Georges Bataille: Fragmentos de 'O Erotismo"

O SENTIDO ÚLTIMO DO EROTISMO É A MORTE
Na procura de beleza, existe um esforço para ter acesso à continuidade para além de uma ruptura e, ao mesmo tempo, um esforço para escapar dela.
Esse esforço ambíguo não cessa de existir.
Mas sua ambigüidade resume, retoma o movimento do erotismo.
A multiplicação incomoda um estado de simplicidade do ser, um excesso derruba os limites, acaba de toda maneira em um transbordamento.

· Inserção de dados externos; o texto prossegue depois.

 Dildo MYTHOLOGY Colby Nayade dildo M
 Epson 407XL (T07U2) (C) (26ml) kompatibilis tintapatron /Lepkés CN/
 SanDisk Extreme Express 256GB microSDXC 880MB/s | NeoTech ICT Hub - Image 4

Sempre é dado um limite com o qual o ser concorda. Ele identifica esse limite ao que ele é. O pensamento de que esse limite cesse de existir lhe causa horror. Mas nós nos enganamos levando a sério o limite e o acordo que o ser lhe dá. O limite só é dado para ser excedido. O medo (o horror) não indica a verdadeira decisão. Ao contrário, ele incita, por via indireta, a transposição dos limites.

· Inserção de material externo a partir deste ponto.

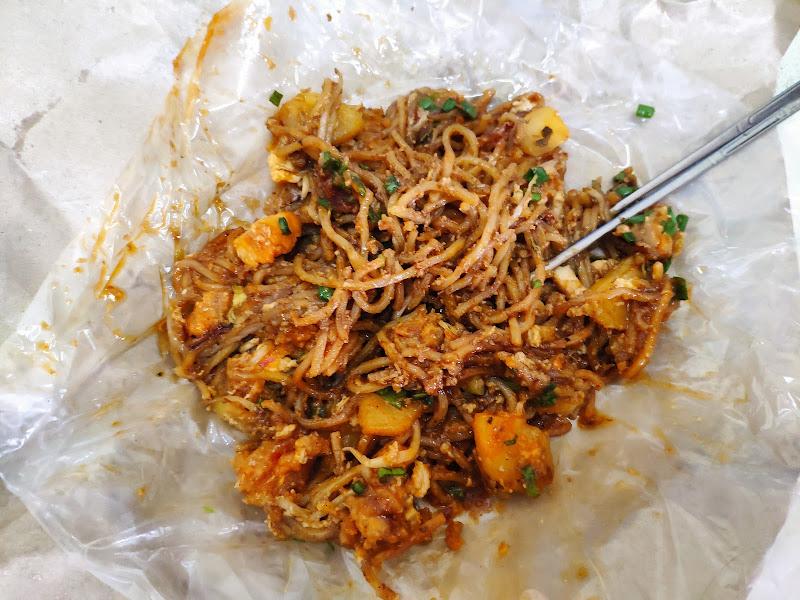 Gerai Mee Goreng Jamal 3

Se ao experimentarmos, sabemos que se trata de responder à vontade, inscrita em nós, de exceder os limites. Queremos excedê-los, e o horror experimentado significa o excesso ao qual devemos chegar, ao qual, se não fosse o horror preliminar, não teríamos podido chegar.
Se a beleza, cuja perfeição rejeita a animalidade, é apaixonadamente desejada, é que nela a possessão introduz a sujeira animal. Ela é desejada para ser sujada. Não por ela mesma, mas pela alegria experimentada na certeza de profaná-la.
No sacrifício, a vítima era escolhida de tal maneira que sua perfeição acabasse por tornar sensível a brutalidade da morte. A beleza humana, na união dos corpos, introduz a oposição entre a mais pura humanidade e a animalidade medonha dos órgãos. Do paradoxo da feiúra oposta à beleza no erotismo, os Carnets (Cadernos) de Leonardo da Vinci resultam nessa expressão surpreendente: “O ato da cópula e os membros dos quais ele se serve são de uma tal feiúra que se não existisse a beleza dos rostos, os enfeites dos participantes e o entusiasmo desenfreado, a natureza perderia a espécie humana”. Leonardo não vê que a atração de um belo rosto ou de uma bela roupa atua na medida em que esse belo rosto anuncia o que a roupa dissimula. Trata-se de profanar esse rosto, sua beleza. De profaná-lo em primeiro lugar revelando as partes secretas de uma mulher e, depois, nelas introduzir o órgão viril. Ninguém duvida da feiúra do ato sexual. Da mesma maneira que a morte no sacrifício, a feiúra da cópula provoca a angústia. Mas quanto maior é a angústia – na medida da força dos parceiros – mais forte é a consciência de exceder os limites, que determina um êxtase de alegria. Mesmo que as situações variem conforme os gostos e os hábitos, isso geralmente não faz com que a beleza (a humanidade) de uma mulher não contribua para tornar sensível – e chocante – a animalidade do ato sexual. Nada é mais deprimente, para um homem, que a feiúra de uma mulher, de quem a feiúra dos órgãos ou do ato não se sobressaia. A beleza importa em alto grau no que toca ao fato de a feiúra não poder ser sujada, e que a essência do erotismo é a sujeira. A humanidade, significativa da interdição, é transgredida no erotismo. Ela é transgredida, profanada, sujada. Quanto maior é a beleza, mais profunda é a sujeira.